The impact will have a double whammy effect of 1 per cent reduction in next year’s GDP forecast of 7.4 per cent and fuelling of inflation on account of disposable income that will be available with the people.

The governor is overtly concerned with the deficit planning of both the Central and state governments. This is on account of the haircut that the state governments will be taking for providing guarantees for the Ujwal Discom Assurance Yojana (UDAY) – debt restructuring scheme for state electricity boards wherein 75 per cent of Rs 4 lakh crore bad debts will be converted to bonds backed by the state government guarantees and 50 per cent will materialise before March 2016.

Adverse effects

The pay commission impact, “bleeding” on account of UDAY, populist subsidies that creep into the budget will have adverse effect on inflation and on the fiscal deficit. The windfall benefits from the steep fall in crude oil prices from $100 per barrel to under $30 per barrel, collapse of commodity prices (iron ore, aluminium, steel, copper, platinum) will be washed out from the dole outs of pay commission, unviable subsidies, one rank one pension and UDAY.

Rajan wants banks to address to the painful issue of bad debts and stressed assets which has mounted to the tune of Rs 7 lakh crore. He has assured that there will be no slip up in providing the liquidity support to the banks through its various instruments such as open market operations (OMOs), CRR, dollar purchases etc. He opines that apprehensions of the bankers on lack of liquidity is misplaced.

The RBI hinted on relaxing certain norms for Strategic Debt Reconstruction (SDRs), revaluation of acquired assets in the bank books on present values so that banks can take advantage as at March 2016 for “window dressing” of balance sheets.

For the first time, the governor did not harp on the monetary transmission of the rate cuts by the banks to the borrowers on various loans such as housing, real estate, construction, industries, vehicles and personal loans.

Rajan is confident that this aspect including the lag effect will be taken care of with the introduction of the “marginal cost of funds” from April 2016. This methodology will have variable rates for both deposits as well as loans and hence will avoid the asset liability mismatch.
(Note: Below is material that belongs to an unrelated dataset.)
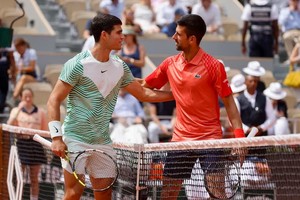Carlos Alcaraz y Novak Djokovic, en junio pasado, antes de medirse en las semifinales de Roland Garros.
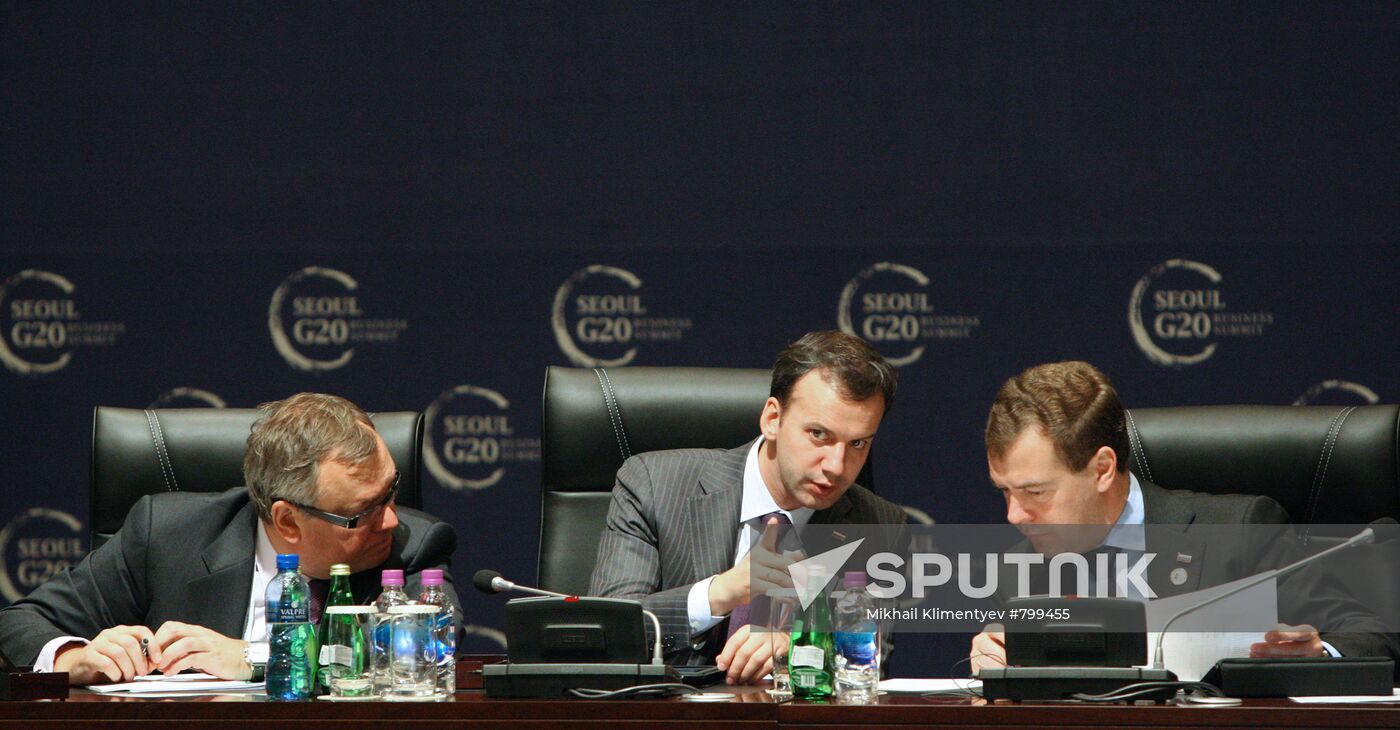 Dmitry Medvedev takes part in G20 summit in Seoul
In sum, the governor has made more noise, even while maintaining the status quo on the policy rates by putting the onus on the government to undertake structural reforms with fiscal prudence and rectitude. The reforms will have to encompass incentivising investments, encourage skill development, overcome supply side constraints.

Long standing bills such as the GST, land acquisition, bankruptcy code, will have to be passed supported by revival of stalled infrastructure projects which contribute 8 per cent of the GDP. With these riders taken care of in the ensuing budget, Rajan has hinted quid pro quo  of a surprise rate cut of 25 bps in March.